Do criminals just not care, or do they have too much respect for such a low layer of infrastructure?
I work on IPFS/libp2p and the "only" two known attacks on the official gateway ipfs.io are in Spain (DNS hijacking) and China (dito).
OONI has pretty good data on interference around the world: https://ooni.torproject.org/
(edit: clarified that the attack is only on the ipfs.io gateway, not the IPFS network)
UDP is perfect for DNS. The problem is the original protocol design itself. For example, DNSCurve uses UDP and doesn't have these problems.
The only reason people are turning to TLS now is that errant middleboxes have been interfering with all attempts to improve the security of DNS, and using TLS is seen as a way to get the traffic through.

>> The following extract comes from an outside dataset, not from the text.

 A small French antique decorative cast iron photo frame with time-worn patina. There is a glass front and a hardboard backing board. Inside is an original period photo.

If DNS had been DNSCurve from the beginning then middleboxes breaking it would be seen as a flaw in the middlebox instead of the new protocol, and protocol ossification would be less of a problem because encrypting the data inhibits interference.
But TLS seems obviously worse than defaulting to DNSCurve or similar and falling back to TLS when breakage is detected.

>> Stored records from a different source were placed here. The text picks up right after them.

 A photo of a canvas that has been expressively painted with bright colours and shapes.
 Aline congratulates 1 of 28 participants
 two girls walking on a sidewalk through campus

I'm not very familiar with DNSCurve but I don't think it has any mechanisms to prevent amplification.
DNSCrypt solved this by requiring a question to be at least as large as its response.
The DNSCurve page discusses amplification:
The main point is that amplification is primarily a problem because of DNSSEC records causing small requests to generate very large responses, so if people would use DNSCurve instead then even if the responses were somewhat larger than the requests they wouldn't be so by a factor of 120:1 or more, which is the real issue.
But yes, there are multiple ways to solve the problem. CurveCP (a derivative of DNSCurve) does the same thing, requiring the initial packet to be as large as the response. For that matter DNSCrypt is somewhat a derivative of DNSCurve/CurveCP as well.
The point is that it's quite possible to solve the problem and still use UDP.
Or is it still constantly querying from an untraceable source to this day?